▸ Exercise aim: With the pictures left out, transcribe exactly the lines from the one with "凭记忆，大概是：香樟树、楝树" through the end of the data.

··· Recorded data

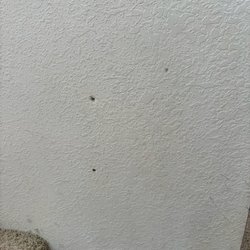 Holes in the wall in random places. Other walls had paint chipping off and dents.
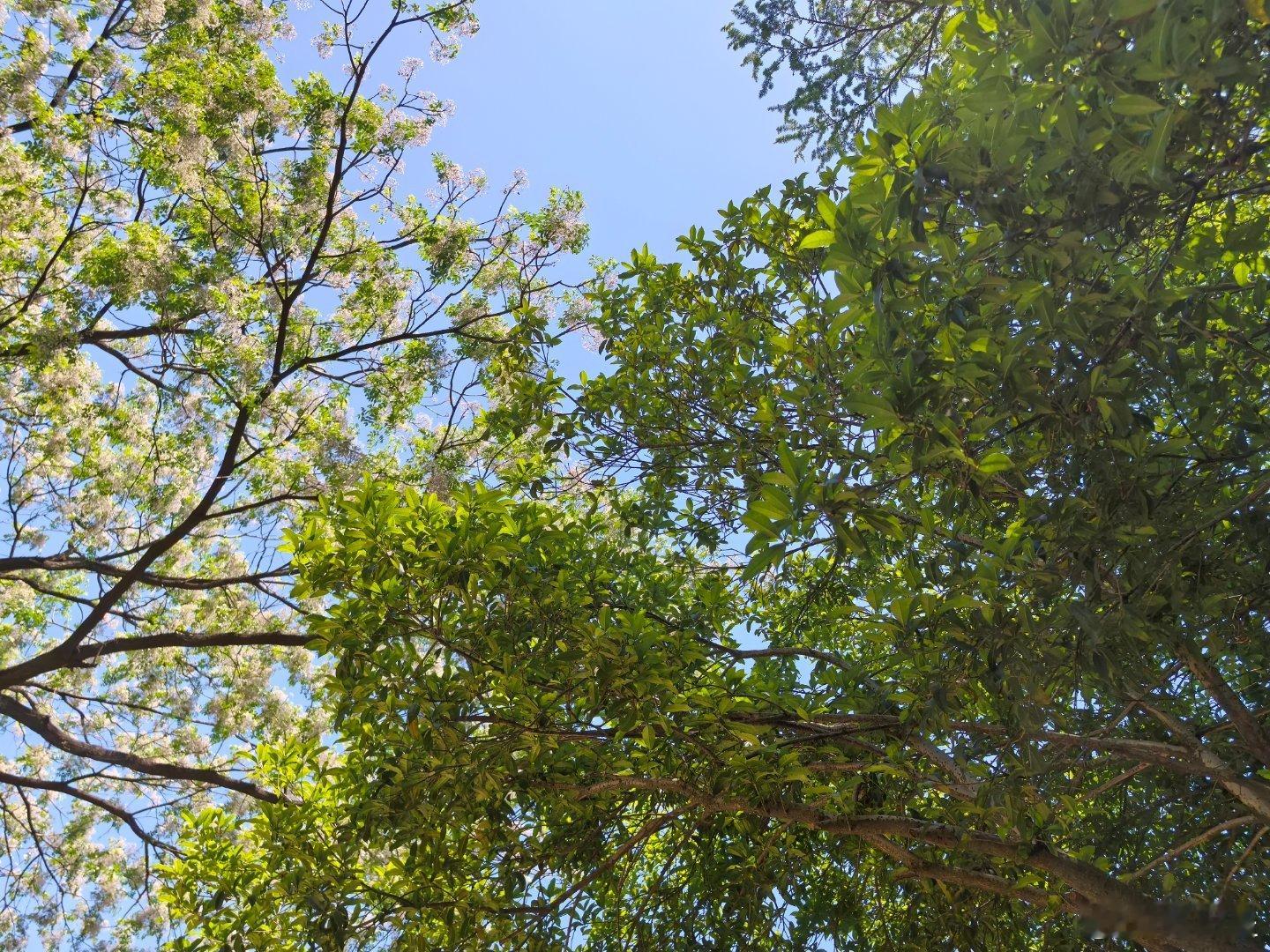 凭记忆，大概是：香樟树、楝树和皂荚树，朴树，桑树，朴树，朴树，皂荚树，后面两个不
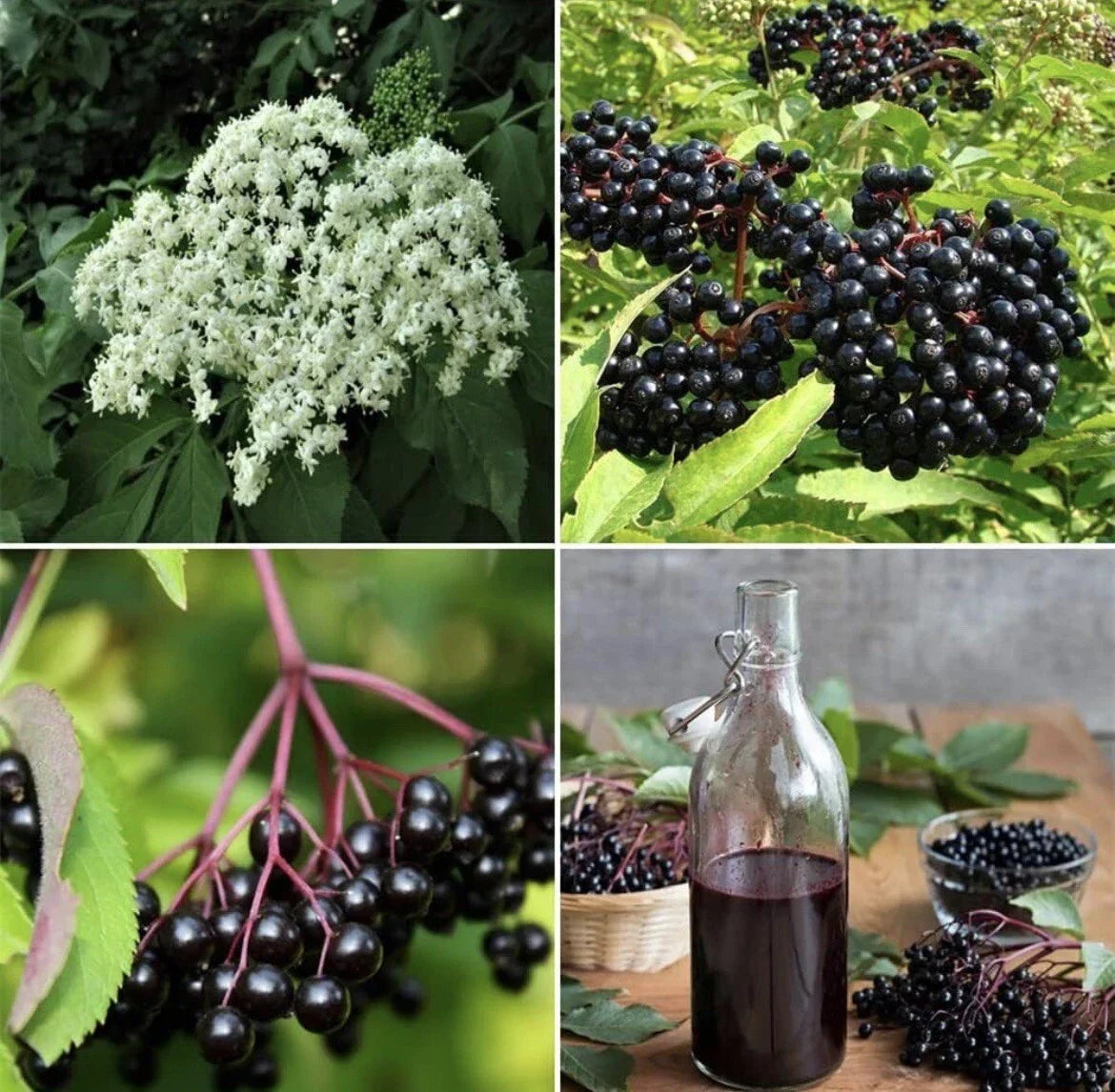 Elderberry Seeds 25 Pack Organic Non-GMO Sambucus nigra for Immunity and Fruit Syrup - Grow Your Own in TX USA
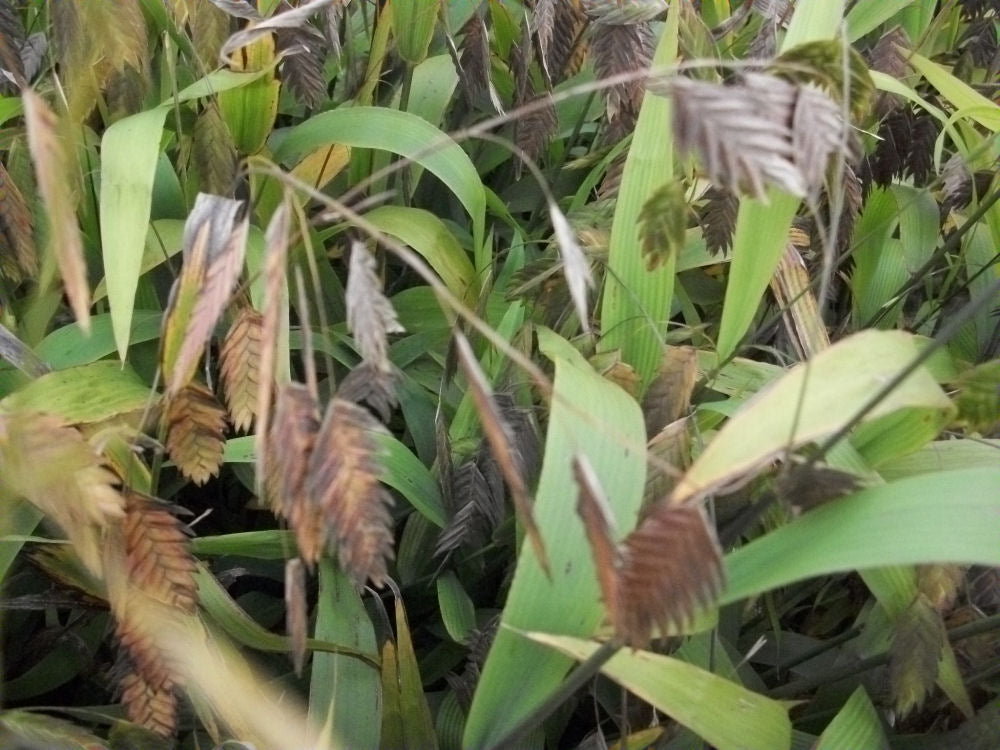 GRASS - CHAS. LATIFOLIUM  19CM AB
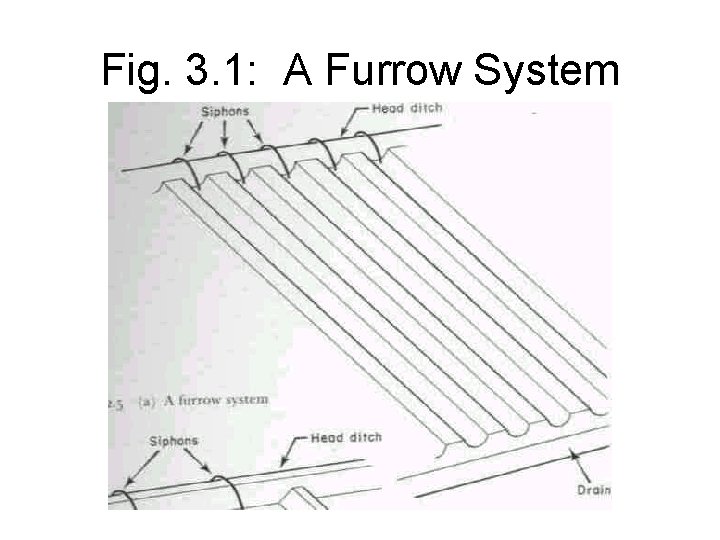 Fig. 3. 1: A Furrow System 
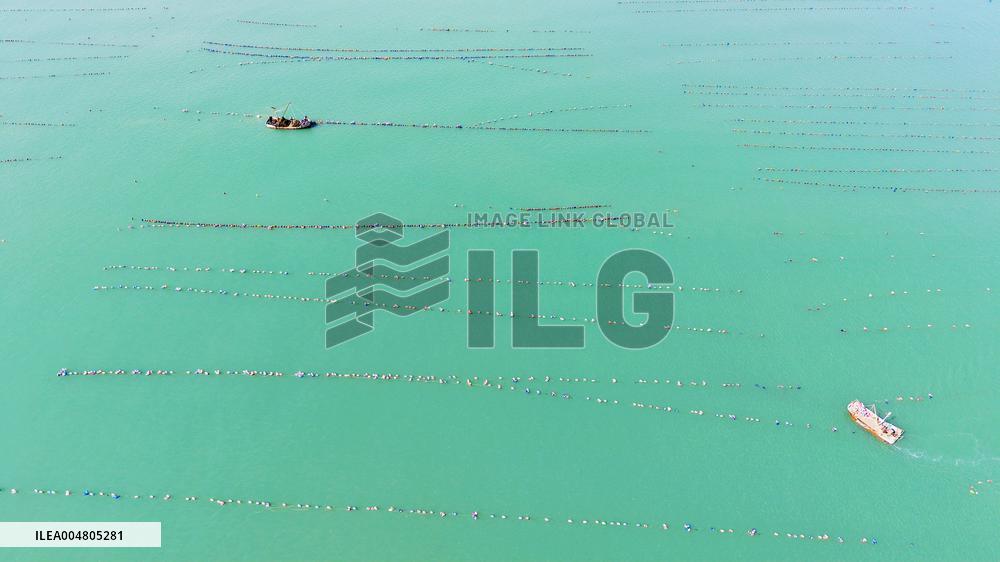 Oysters Harvest in Qingdao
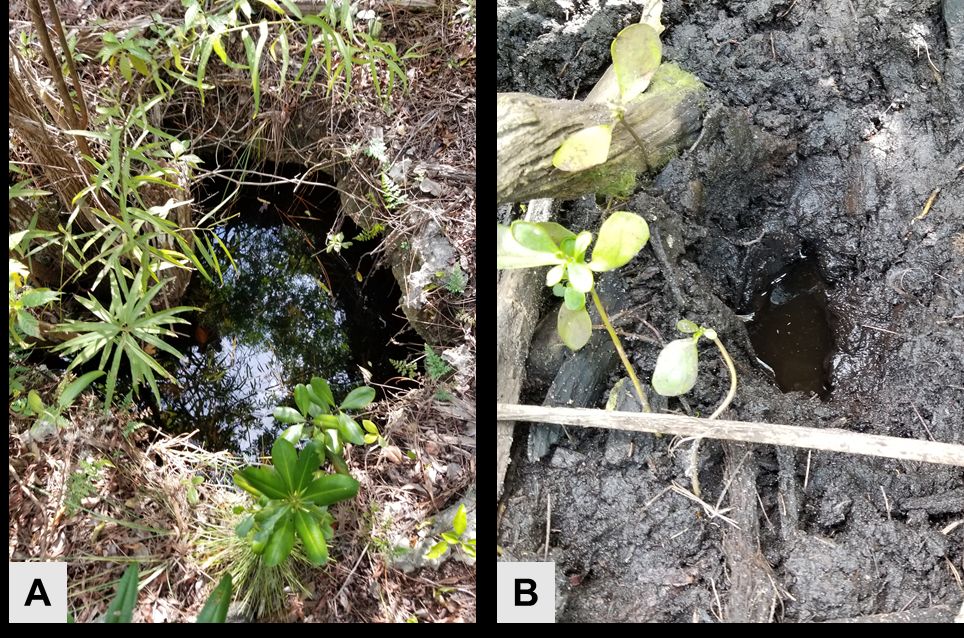 Limestone solution holes (A) and abandoned land crab burrows (B) are reported habitats of the larvae of Culex cedecei.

······

▸ Output:
 凭记忆，大概是：香樟树、楝树和皂荚树，朴树，桑树，朴树，朴树，皂荚树，后面两个不
 Elderberry Seeds 25 Pack Organic Non-GMO Sambucus nigra for Immunity and Fruit Syrup - Grow Your Own in TX USA
 GRASS - CHAS. LATIFOLIUM  19CM AB
 Fig. 3. 1: A Furrow System 
 Oysters Harvest in Qingdao
 Limestone solution holes (A) and abandoned land crab burrows (B) are reported habitats of the larvae of Culex cedecei.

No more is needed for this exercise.